Building your dynasty squad around wide receivers is a double-edged sword. The pro side is receivers have longer shelf lives and are more predictable on a year-to-year basis.
In other words, they provide stability and flexibility to build your dynasty squad because you don’t have to be as worried about high-value risk. On the flip side, wide receiver is the deepest position in dynasty.
That may not seem like a con, but when you look across your league, the plethora of wide receiver talent is apparent. That means it’s harder to get an advantage at that position.
These tiered rankings can help decipher where these advantages should be found.
Dynasty WR Rankings
Value Estimation: 3 Premium First-Round Picks
|1||Justin Jefferson||Minnesota Vikings|
|2||Ja’Marr Chase||Cincinnati Bengals|
Justin Jefferson, Minnesota Vikings
Coming off a season where his 21.5 PPG was the most ever by a third-year receiver, we are only expecting greatness from Justin Jefferson. It comes after a season where he put up the fourth-highest PPG for a second-year receiver ever. With the Minnesota Vikings likely continuing to deploy a high passing volume offense, we should only expect more in 2023.
Value Estimation: 2 Premium First-Round Picks
|3||A.J. Brown||Philadelphia Eagles|
|4||CeeDee Lamb||Dallas Cowboys|
|5||Garrett Wilson||New York Jets|
|6||Chris Olave||New Orleans Saints|
|7||Drake London||Atlanta Falcons|
CeeDee Lamb, Dallas Cowboys
After back-to-back seasons with below a 20 percent target share — despite his yards per route run saying he’s one of the league’s top wideouts — CeeDee Lamb finally had the breakthrough we looked for. His 28.1 percent target share in a Dak Prescott-led offense helped him put up 17.7 PPG and finish as the WR7 in just his third season.
Drake London, Atlanta Falcons
Drake London’s rookie season is being underrated. As an elite prospect, he put up the second-highest target share for a rookie, only trailing Odell Beckham Jr. Superstar is written all over London’s profile.
Value Estimation: Premium First-Round Pick
|8||Jaylen Waddle||Miami Dolphins|
|9||Amon-Ra St Brown||Detroit Lions|
|10||DeVonta Smith||Philadelphia Eagles|
|11||DK Metcalf||Seattle Seahawks|
|12||Tee Higgins||Cincinnati Bengals|
Jaylen Waddle, Miami Dolphins
Jaylen Waddle’s value rose despite putting up the same PPG in each of his first two seasons. Waddle was extremely efficient with his targets, with the eighth-highest yards per team pass attempt in the league last season. His average target depth increased from 7.0 to 12.2, but his target share dropped by more than 4.0 percent as a result. There is a lot to like about Waddle, but it’s hard to rank him in Tier 2. There is still concern about him reaching upper-echelon production.

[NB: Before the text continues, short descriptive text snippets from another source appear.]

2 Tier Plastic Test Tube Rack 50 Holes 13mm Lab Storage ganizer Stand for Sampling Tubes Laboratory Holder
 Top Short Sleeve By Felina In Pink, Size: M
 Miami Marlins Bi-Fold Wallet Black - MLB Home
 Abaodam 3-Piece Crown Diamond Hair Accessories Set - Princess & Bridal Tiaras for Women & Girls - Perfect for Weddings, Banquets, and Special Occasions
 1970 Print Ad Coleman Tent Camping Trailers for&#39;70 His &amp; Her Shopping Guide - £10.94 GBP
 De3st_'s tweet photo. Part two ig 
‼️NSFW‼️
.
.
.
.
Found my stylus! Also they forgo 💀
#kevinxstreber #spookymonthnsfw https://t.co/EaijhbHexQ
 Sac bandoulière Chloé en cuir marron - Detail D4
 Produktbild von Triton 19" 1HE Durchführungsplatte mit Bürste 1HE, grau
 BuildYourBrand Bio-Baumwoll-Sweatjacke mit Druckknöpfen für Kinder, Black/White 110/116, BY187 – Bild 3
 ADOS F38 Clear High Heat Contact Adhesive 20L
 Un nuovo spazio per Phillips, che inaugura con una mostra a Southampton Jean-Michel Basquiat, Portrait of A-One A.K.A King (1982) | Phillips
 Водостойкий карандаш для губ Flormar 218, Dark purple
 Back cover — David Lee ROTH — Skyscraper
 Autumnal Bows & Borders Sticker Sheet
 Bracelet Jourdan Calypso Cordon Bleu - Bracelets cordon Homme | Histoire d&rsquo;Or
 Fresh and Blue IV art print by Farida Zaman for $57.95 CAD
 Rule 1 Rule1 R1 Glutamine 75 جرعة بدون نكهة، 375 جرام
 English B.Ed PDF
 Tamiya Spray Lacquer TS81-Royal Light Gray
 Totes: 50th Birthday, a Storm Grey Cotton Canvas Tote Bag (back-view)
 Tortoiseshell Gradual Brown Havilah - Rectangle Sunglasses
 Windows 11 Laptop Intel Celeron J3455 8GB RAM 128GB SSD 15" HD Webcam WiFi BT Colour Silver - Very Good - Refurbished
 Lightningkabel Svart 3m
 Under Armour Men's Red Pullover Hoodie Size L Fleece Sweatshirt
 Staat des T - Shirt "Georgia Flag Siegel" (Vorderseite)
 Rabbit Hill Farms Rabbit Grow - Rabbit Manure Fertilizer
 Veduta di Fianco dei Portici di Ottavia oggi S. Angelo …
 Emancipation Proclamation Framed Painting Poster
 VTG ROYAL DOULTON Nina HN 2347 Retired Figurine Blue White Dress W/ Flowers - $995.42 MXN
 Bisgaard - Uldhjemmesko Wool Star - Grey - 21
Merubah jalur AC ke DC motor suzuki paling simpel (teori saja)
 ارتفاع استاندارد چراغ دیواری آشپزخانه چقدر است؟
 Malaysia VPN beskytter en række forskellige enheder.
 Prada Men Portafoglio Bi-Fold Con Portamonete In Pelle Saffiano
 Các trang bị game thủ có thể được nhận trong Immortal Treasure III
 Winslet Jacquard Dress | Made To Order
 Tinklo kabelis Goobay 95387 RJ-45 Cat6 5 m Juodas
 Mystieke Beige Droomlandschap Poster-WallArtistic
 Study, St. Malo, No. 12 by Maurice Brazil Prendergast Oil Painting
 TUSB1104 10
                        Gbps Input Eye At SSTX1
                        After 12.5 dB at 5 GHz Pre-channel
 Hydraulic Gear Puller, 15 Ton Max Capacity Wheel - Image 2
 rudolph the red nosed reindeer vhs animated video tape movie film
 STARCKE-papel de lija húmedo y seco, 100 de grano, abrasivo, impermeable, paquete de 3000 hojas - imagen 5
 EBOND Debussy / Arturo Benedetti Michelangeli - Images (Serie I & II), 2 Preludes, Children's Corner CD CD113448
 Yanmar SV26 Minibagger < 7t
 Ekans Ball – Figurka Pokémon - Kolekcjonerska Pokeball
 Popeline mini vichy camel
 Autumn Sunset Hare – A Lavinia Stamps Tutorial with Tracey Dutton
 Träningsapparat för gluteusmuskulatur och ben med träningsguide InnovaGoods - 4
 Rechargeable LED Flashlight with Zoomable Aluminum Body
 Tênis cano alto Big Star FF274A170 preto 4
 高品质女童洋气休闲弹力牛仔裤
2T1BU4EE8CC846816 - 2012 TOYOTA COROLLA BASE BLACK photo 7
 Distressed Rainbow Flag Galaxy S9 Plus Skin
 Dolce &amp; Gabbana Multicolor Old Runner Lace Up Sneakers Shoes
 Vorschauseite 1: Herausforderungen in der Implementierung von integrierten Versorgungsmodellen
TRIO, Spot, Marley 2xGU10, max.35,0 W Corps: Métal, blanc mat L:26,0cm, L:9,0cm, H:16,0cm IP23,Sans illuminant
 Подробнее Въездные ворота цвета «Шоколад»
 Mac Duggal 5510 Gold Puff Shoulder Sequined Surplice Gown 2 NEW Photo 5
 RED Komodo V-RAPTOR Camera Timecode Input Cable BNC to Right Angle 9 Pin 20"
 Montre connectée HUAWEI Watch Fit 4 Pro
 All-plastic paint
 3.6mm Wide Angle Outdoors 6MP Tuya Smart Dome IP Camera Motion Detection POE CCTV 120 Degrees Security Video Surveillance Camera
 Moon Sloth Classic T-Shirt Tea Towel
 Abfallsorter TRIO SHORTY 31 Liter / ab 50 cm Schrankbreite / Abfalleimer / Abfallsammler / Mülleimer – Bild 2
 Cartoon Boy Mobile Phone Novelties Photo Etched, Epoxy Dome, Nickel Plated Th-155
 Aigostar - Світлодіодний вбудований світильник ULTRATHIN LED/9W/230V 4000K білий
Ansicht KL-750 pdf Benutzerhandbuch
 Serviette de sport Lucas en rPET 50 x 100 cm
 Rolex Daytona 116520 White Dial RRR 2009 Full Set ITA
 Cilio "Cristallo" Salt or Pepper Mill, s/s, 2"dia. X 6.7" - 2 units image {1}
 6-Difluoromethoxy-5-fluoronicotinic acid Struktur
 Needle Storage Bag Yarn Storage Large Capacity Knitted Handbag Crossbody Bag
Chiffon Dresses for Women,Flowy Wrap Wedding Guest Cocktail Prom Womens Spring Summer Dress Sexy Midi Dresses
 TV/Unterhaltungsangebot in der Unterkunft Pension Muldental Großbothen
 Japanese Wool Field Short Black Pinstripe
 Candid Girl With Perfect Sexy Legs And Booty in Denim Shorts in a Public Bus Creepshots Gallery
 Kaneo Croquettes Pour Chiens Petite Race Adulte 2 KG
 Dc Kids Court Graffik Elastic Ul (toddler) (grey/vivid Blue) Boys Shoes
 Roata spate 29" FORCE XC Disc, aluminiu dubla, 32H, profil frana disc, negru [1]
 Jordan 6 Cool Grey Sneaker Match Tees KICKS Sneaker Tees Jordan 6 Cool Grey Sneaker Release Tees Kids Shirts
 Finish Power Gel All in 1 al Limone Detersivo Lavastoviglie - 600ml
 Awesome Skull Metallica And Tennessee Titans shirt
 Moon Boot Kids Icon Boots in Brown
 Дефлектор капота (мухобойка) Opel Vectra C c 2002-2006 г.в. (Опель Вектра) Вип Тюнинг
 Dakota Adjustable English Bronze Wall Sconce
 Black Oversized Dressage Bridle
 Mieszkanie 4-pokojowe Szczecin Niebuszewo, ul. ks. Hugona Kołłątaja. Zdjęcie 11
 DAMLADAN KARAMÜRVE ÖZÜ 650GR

Amon-Ra St Brown, Detroit Lions
After all the talk about the lack of target competition Amon-Ra St. Brown faced as a rookie, he put up a WR9 PPG season. His peripherals were fantastic, having a more than 30 percent target rate. Brandon Marshall was the only other receiver to do that in their second season. Marshall had six seasons with more than 16.0 PPG and more than 18.0 PPG.
DeVonta Smith, Philadelphia Eagles
The Philadelphia Eagles were the only team with a pair of teammates to have a more than 25 percent target share. We knew A.J. Brown would earn a high volume of targets, but DeVonta Smith’s target share confirms how good he is. Also, the Eagles also had Dallas Goedert funneling targets.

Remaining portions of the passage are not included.